A small energy supplier has raised concerns about the effects of the “increasing and unexpected” cost of mutualisation and the safety net.

Speaking on behalf of Toto Energy to Utility Week, Tom Nicholas, operations manager, said mutualisation adds “uncertainty”.

He said: “The increasing and unexpected cost of mutualisation and the safety net add uncertainty and as more suppliers fail there is increasing pressure on margins for long term fixed tariffs we have already sold.

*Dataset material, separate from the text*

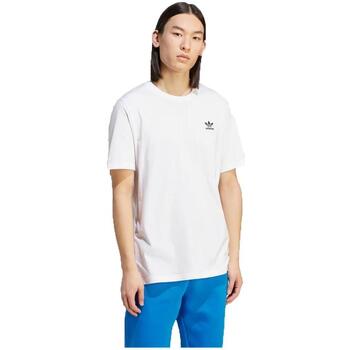 textil Hombre Camisetas manga corta adidas Originals IM4539 Blanco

“The financial impact of supplier failures in terms of mutualisation and safety net costs are well covered, less well documented are the less tangible effects that are disproportionately impactful on small suppliers, for instance in customer contact, staff retention, morale and recruitment.”

The mutualisation process came under the spotlight at the end of last year, after an “unprecedented” number of suppliers failed to pay their renewables obligation (RO) payments.

If the outstanding payments exceed a certain threshold known as the relevant shortfall, the mutualisation process is activated. The relevant shortfall is £15.4 million for England and Wales and £1.54 million for Scotland.

Ofgem confirmed in November that the shortfall was £58.6 million.

In line with the RO orders, suppliers who discharged part of their obligation will be contacted to make quarterly payments to make up the shortfall, in proportion to their obligation.

Among the suppliers named by the regulator as having failed to pay their RO payments, Economy, Extra, Future, Gen4u, Iresa, Snowdrop and Spark Energy have all ceased trading.

Meanwhile two other non-compliant suppliers, URE Energy and Eversmart, were ordered to deliver all outstanding payments by 31 March 2019 through monthly instalments.